### WHAT TO DO
Only the lines from the one containing "6425 Virginia Dr, Victoria, MN" through the last line of the material should be copied, exactly as written and without pictures.

### AVAILABLE DATA
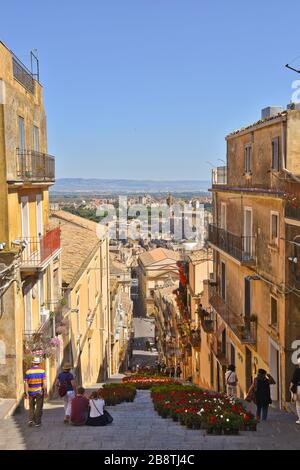 Una strada stretta tra le caratteristiche case di Caltagirone, una città in Sicilia in Italia Foto Stock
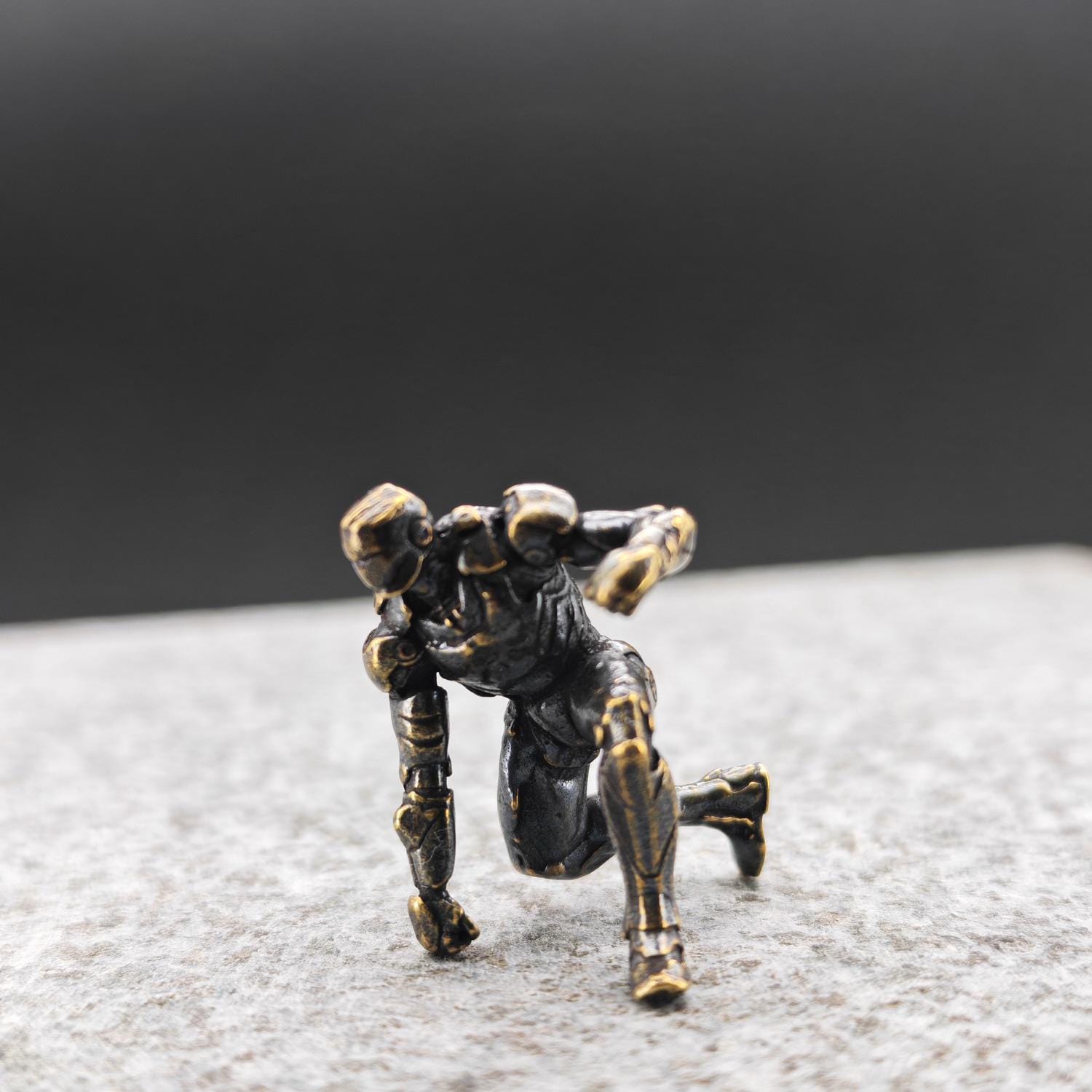 Brass Kneeling Armoured Hero Figurine — Red & Gold Exosuit Desk Collectible - Image 5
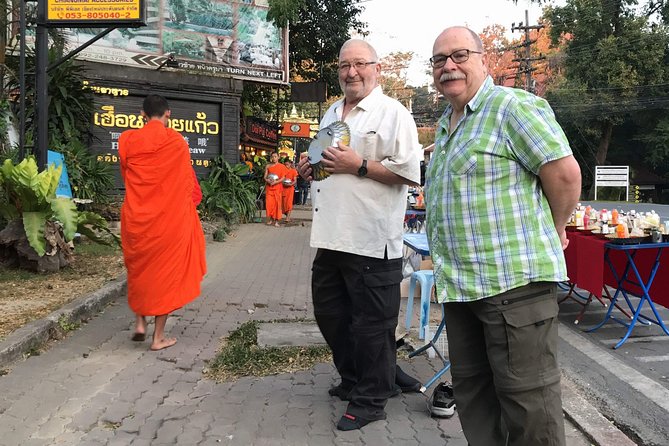 Alms and Wat Phra That Doi Suthep Private Chiang Mai Tour - Warorot Market Highlights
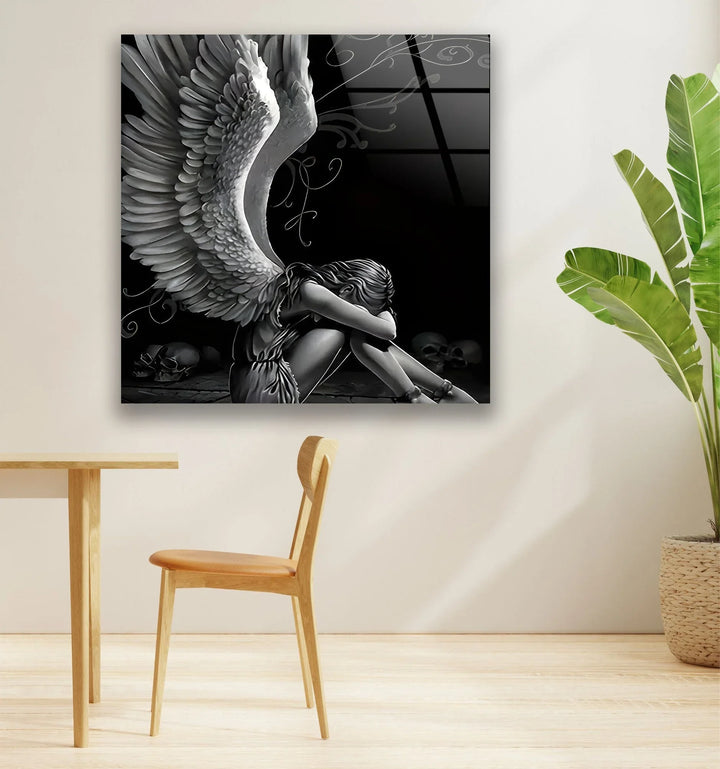 Dark abstract angel artwork on glass with intricate wing textures and a sorrowful seated figure.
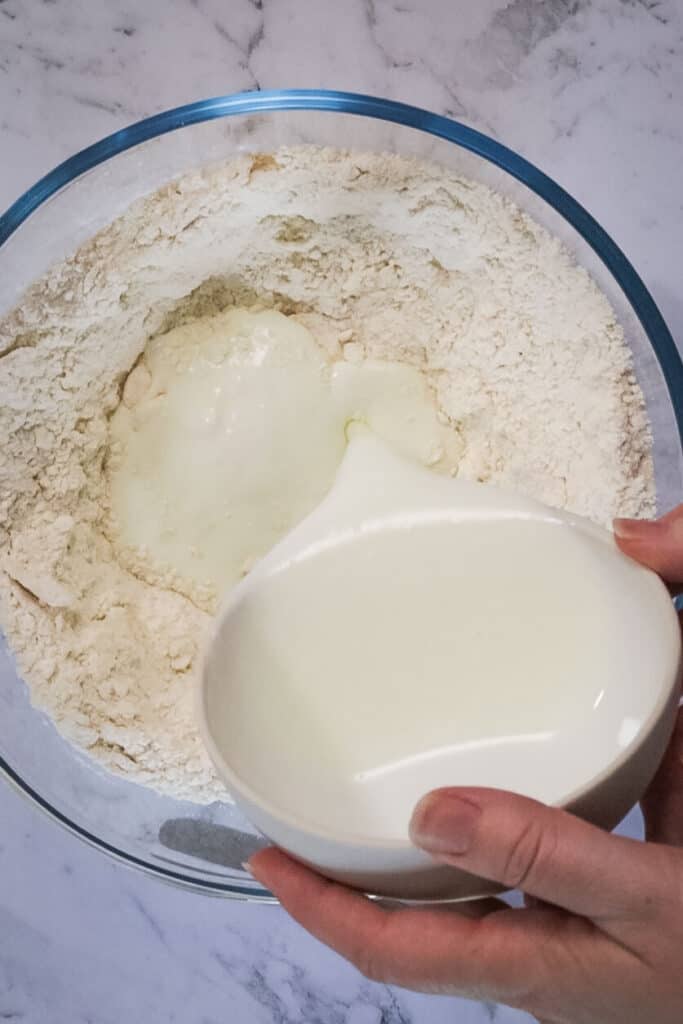milk pouring into a big clear glass bowl with flour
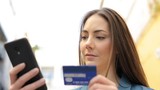 Serious woman paying with credit card online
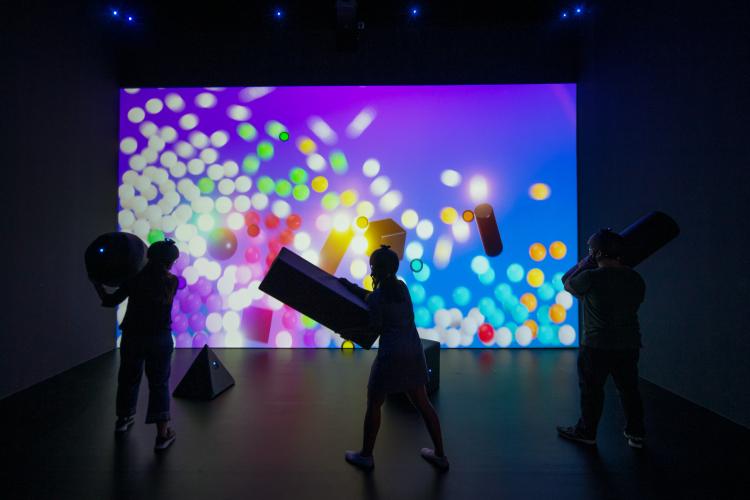 Three people wearing helmets are facing a giant colourful wall filled with shapes. They hold giant soft toy shapes, moving them to interact with the screen. 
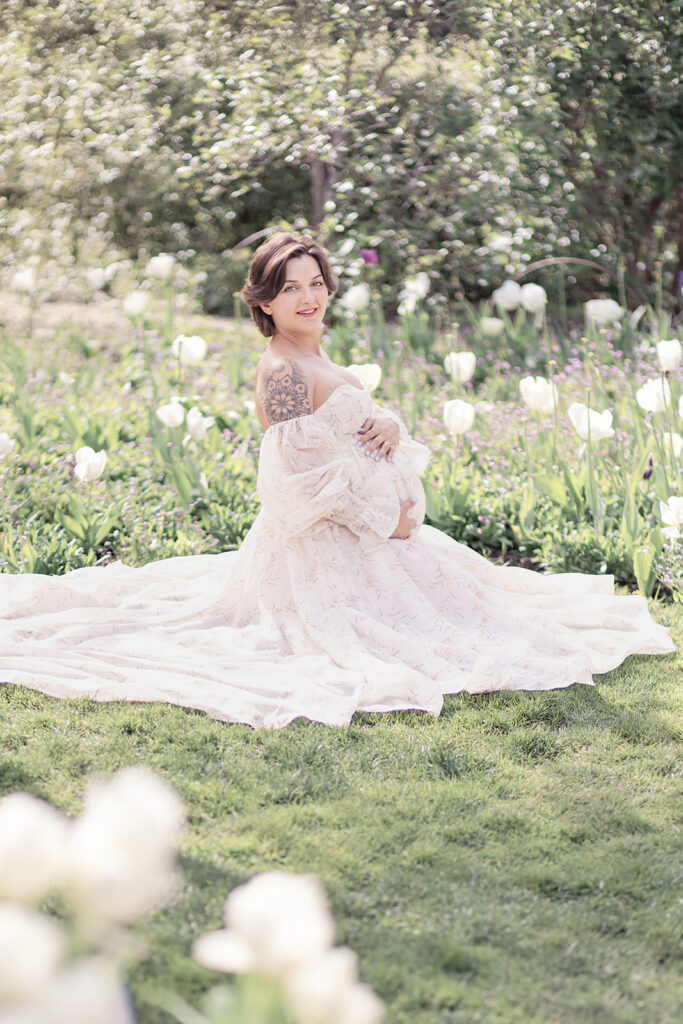 Expectant mother in white maternity dress posing outdoors at Filoli Garden during a maternity photoshoot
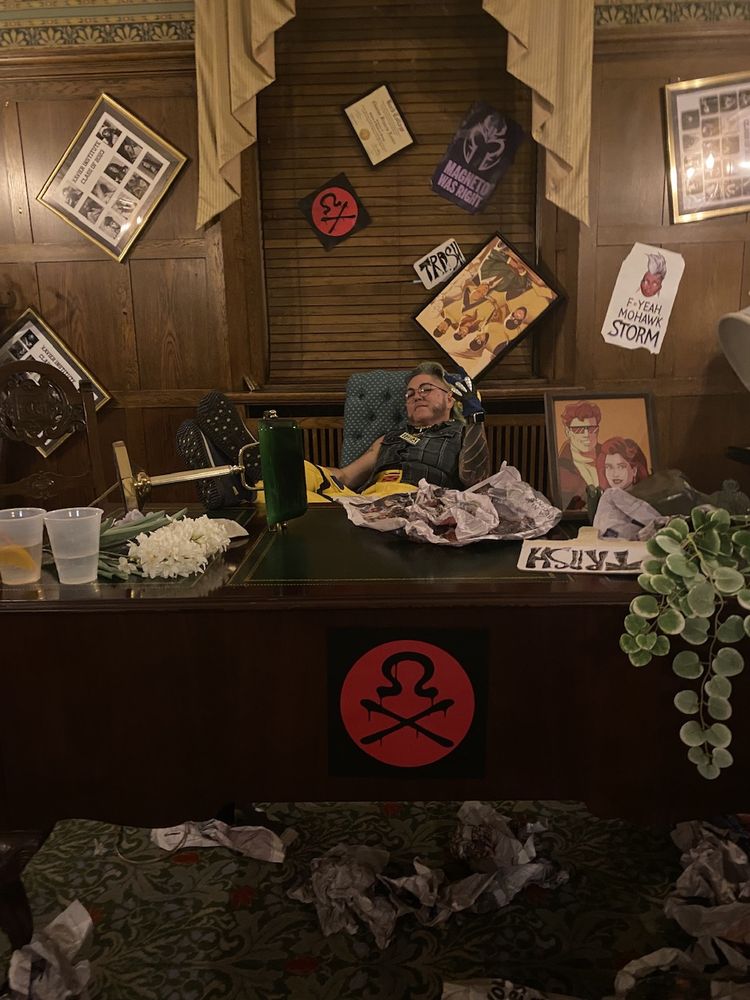 Me (now with a denim vest on 'cause I got gussied up for the Hellfire Club) posed with my feet up on the professor's trashed desk at the afterparty.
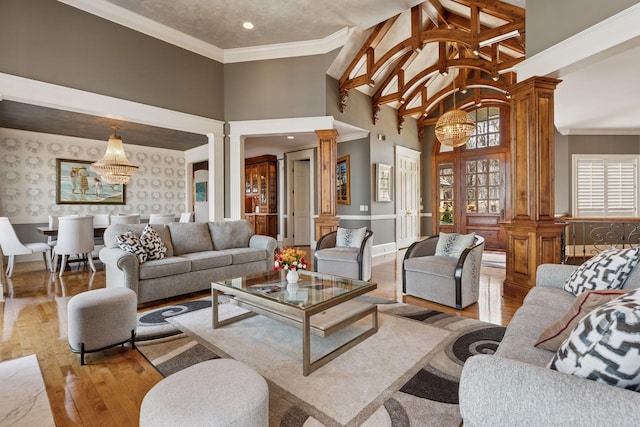 6425 Virginia Dr, Victoria, MN 55331 - living area with a chandelier, decorative columns, light wood finished floors, a wainscoted wall, and high vaulted ceiling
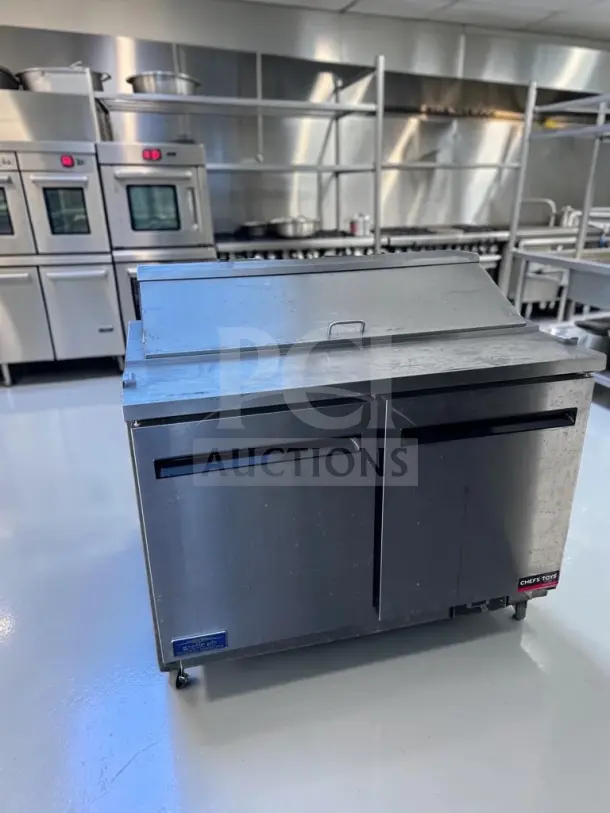 Arctic Air AST48RZ 48" two-door refrigerated prep table, 12-pan capacity, 115V, tested, operational, stainless steel finish.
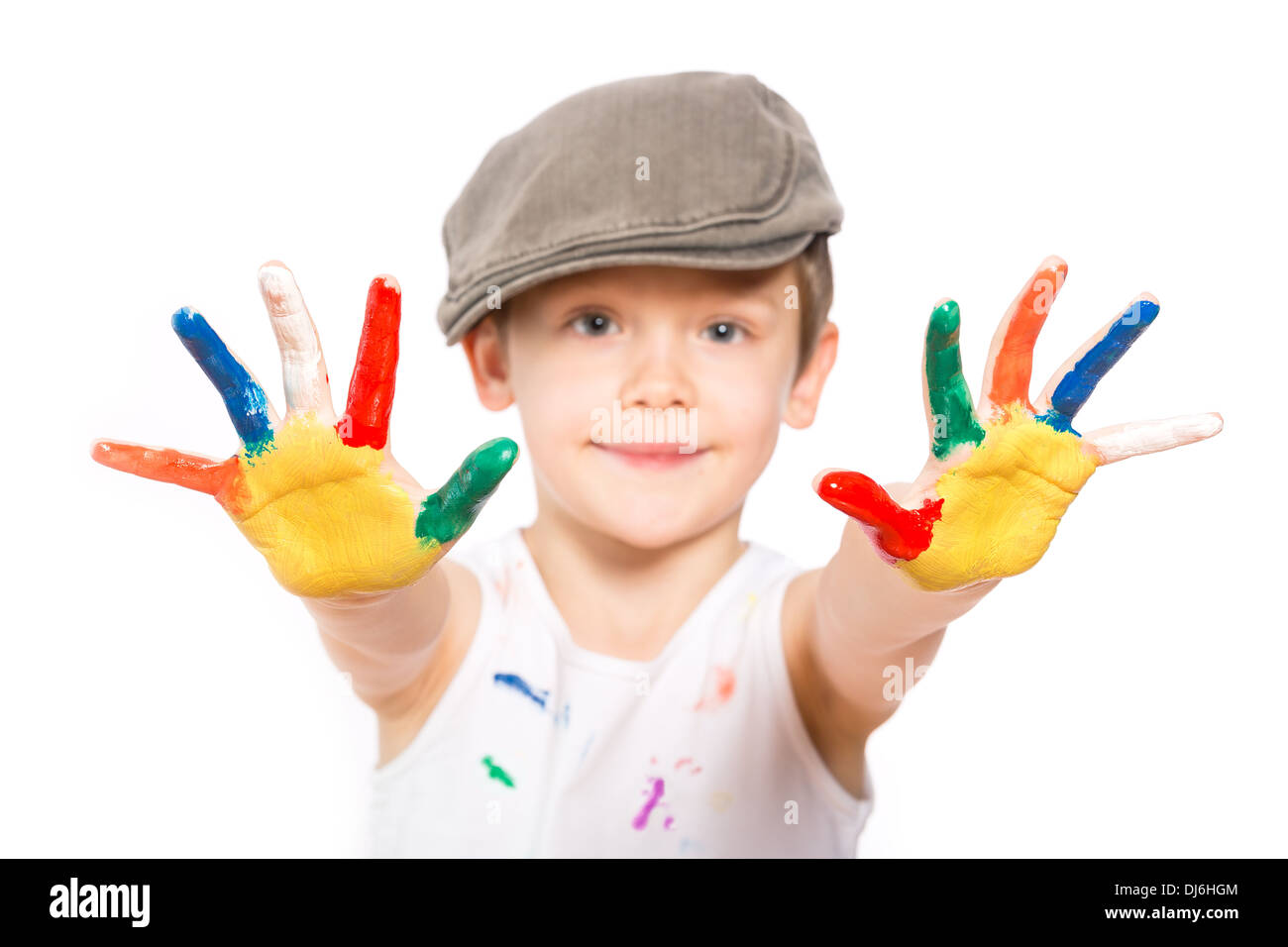 little boy with hands in paint isolated on white Stock Photo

### ANSWER BOX
 6425 Virginia Dr, Victoria, MN 55331 - living area with a chandelier, decorative columns, light wood finished floors, a wainscoted wall, and high vaulted ceiling
 Arctic Air AST48RZ 48" two-door refrigerated prep table, 12-pan capacity, 115V, tested, operational, stainless steel finish.
 little boy with hands in paint isolated on white Stock Photo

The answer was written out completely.